The Homemade Tromba Windchest
I built a homemade electropneumatic windchest for the 8' tromba on the great, along with the top 28 notes of the 16' principal. This project was completed in Jan-Feb of 2012. The chest holds 86 pipes and was intended to supply air to the three lowest tromba pipes by tubes. But these three pipes refused to speak on tubes, so an offset chest is being provided for those notes.
Here is the mostly completed chest with one bung board still open. The top octave of the tromba is harmonic, and those pipes are sandwiched in the middle. The top octave of the tromba uses flue pipes, which are at the right end. The 16' principal can be seen behind these and sticking up over the trombas in the middle of the chest.
Looking inside the chest, the pneumatics (white) with valves mounted on top, can be seen. Pieces of electrical conduit were used to take the air to the toehole under the pipes. The black things are the electromagnets which open a valve that exhausts the pneumatic.
This picture shows how the pneumatics were made. A spring fits between two pieces of wood, and the wood is wrapped with leather. The valve is glued onto the top.
The tromba is installed above the swell shades, close to the ceiling. This picture shows the bottom of the chest, with all the magnets, and the offset for the 3 bass pipes. This gives a persepective of their lofty perch.

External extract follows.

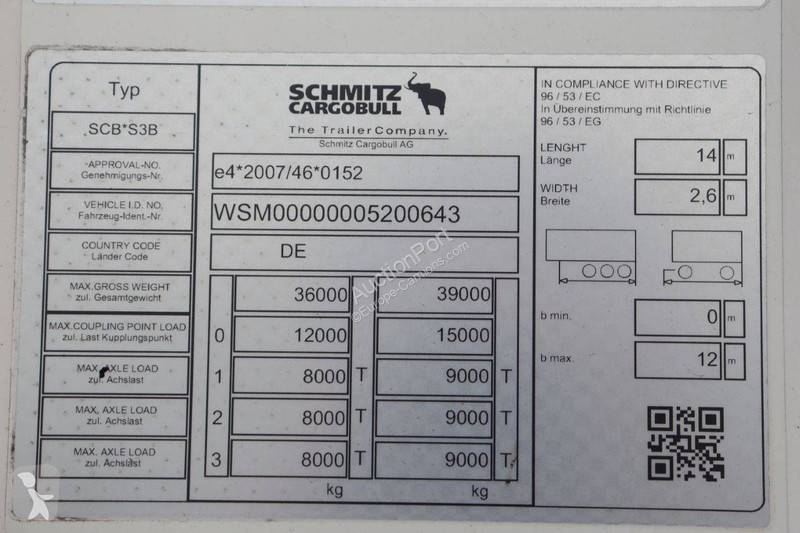 Semirremolque Schmitz Cargobull SCB*S3B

A view of the trombas from the other end of the great walkboard. The great unit flute is in front of the trombas, and the main chest to the other side of the walkboard.
Here is the tiny offset chest that holds C, C# and D. The hole at the end is for the windline.
A front view of the fully installed trombas. The small pipes in the foreground are on the main great chest. The driver board for the trombas is visible under the chest.